Exact transcription, pictures omitted: reproduce the listing below.

■ **Excerpted records**
━━━
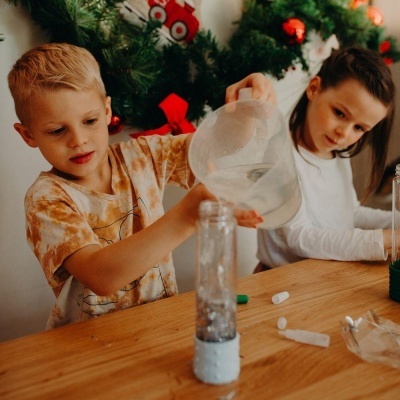 Garrafa da Calma: Azul | Jellystone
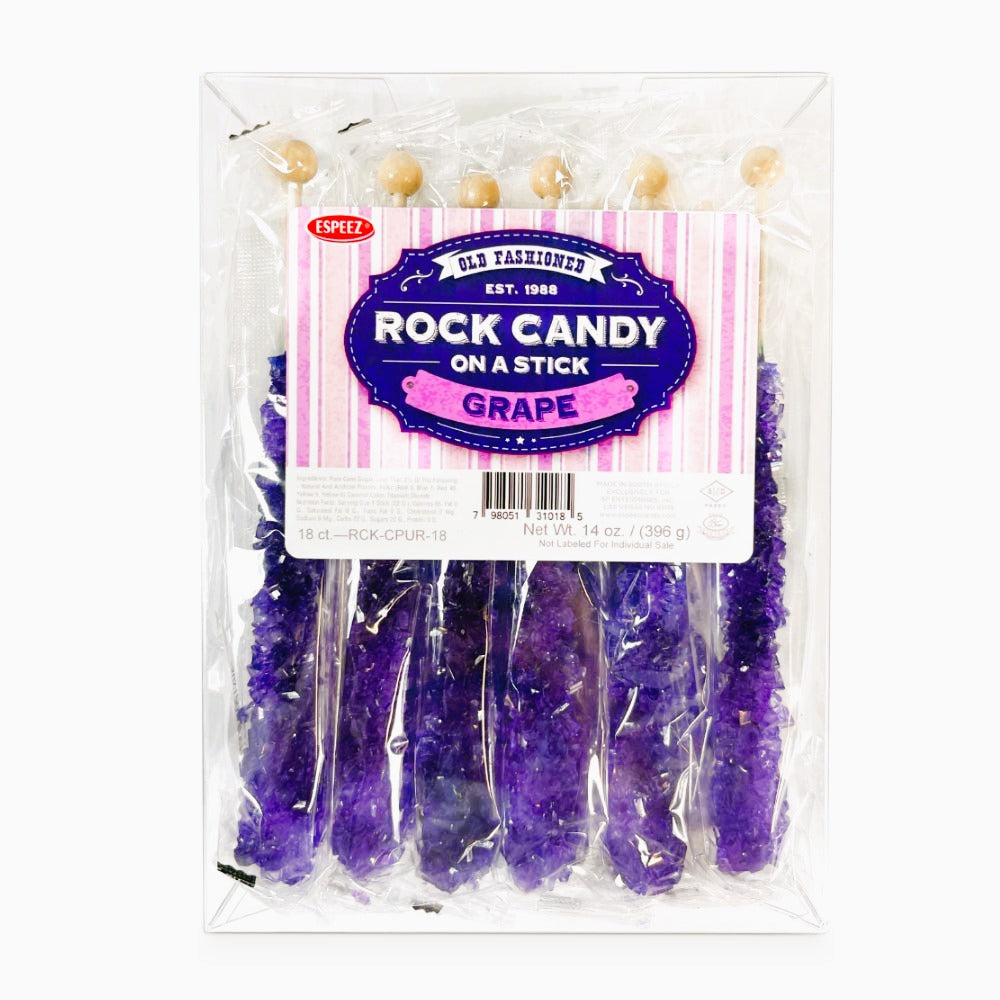 Sp Rock Candy Purple Acetate 18c
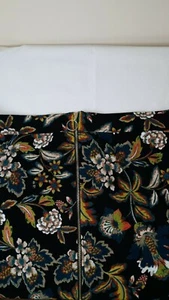 INC Womens Floral Print Zipper Day To Night Mini Skirt Plus WP-011 - Picture 1 of 3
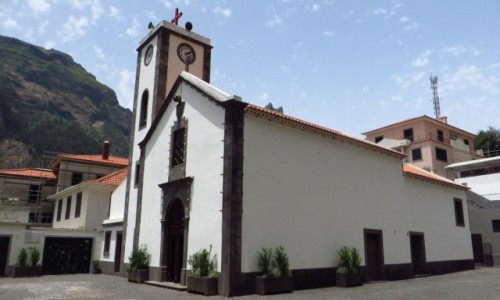 Zdjecie PORTUGALIA / Madera / Madara Centralna / Wioska Zakonnic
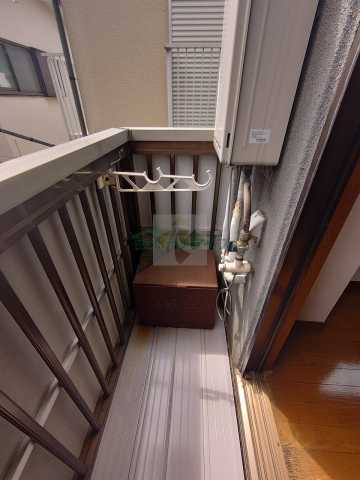 バルコニー　Ｍコート千歳台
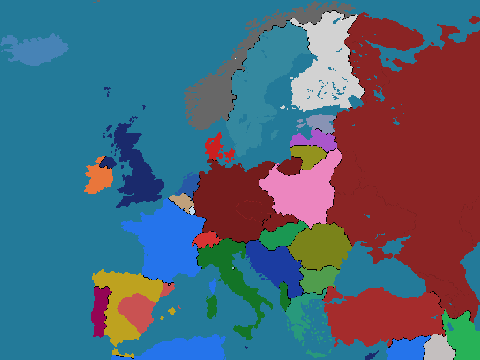 Europe RP [1938] (Dead)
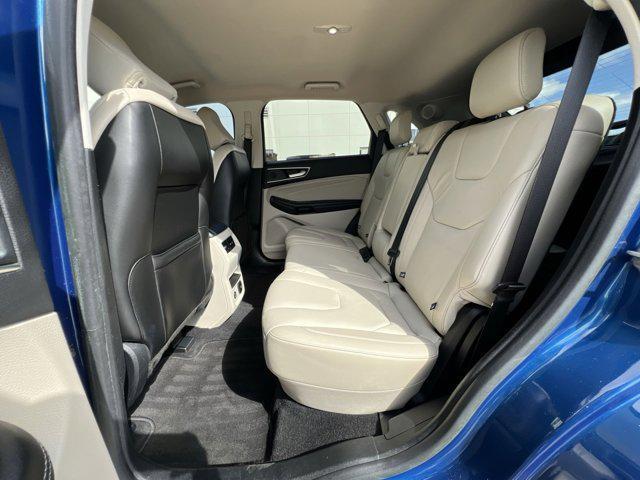 used 2021 Ford Edge car, priced at $21,500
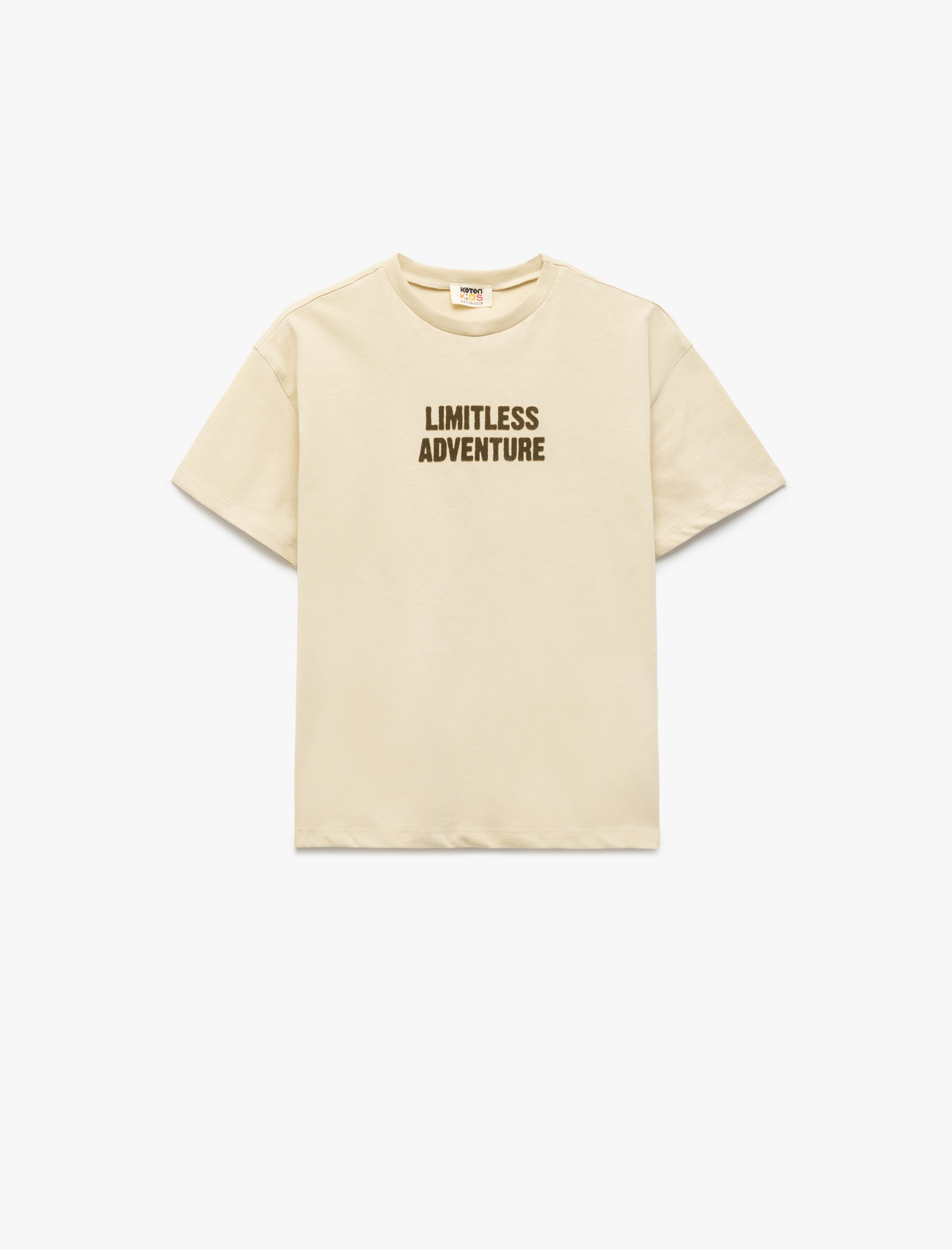 

Koton Футболка в бежевом цвете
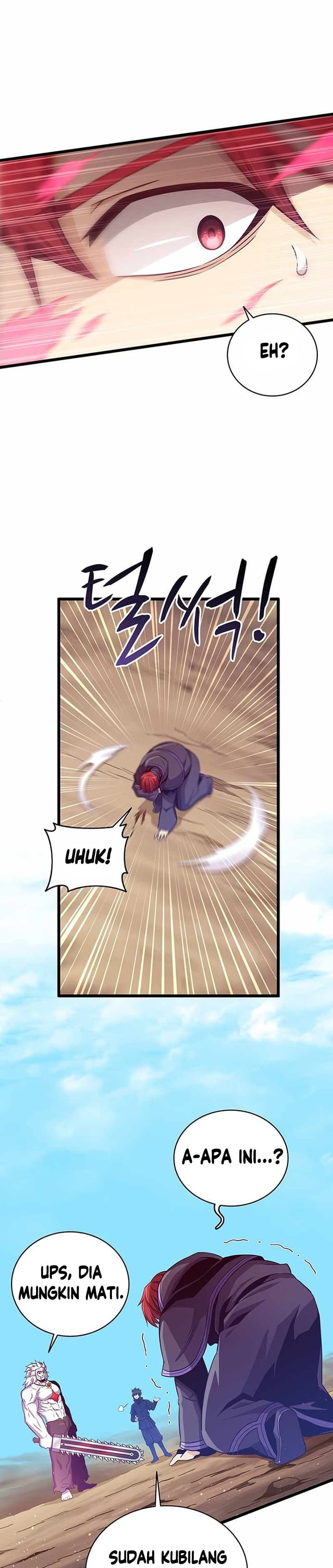 Arcane Sniper - Chapter 83 - Page 8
━━━
■ **Result of this task**
 Garrafa da Calma: Azul | Jellystone
 Sp Rock Candy Purple Acetate 18c
 INC Womens Floral Print Zipper Day To Night Mini Skirt Plus WP-011 - Picture 1 of 3
 Zdjecie PORTUGALIA / Madera / Madara Centralna / Wioska Zakonnic
 バルコニー　Ｍコート千歳台
 Europe RP [1938] (Dead)
 used 2021 Ford Edge car, priced at $21,500

Koton Футболка в бежевом цвете
 Arcane Sniper - Chapter 83 - Page 8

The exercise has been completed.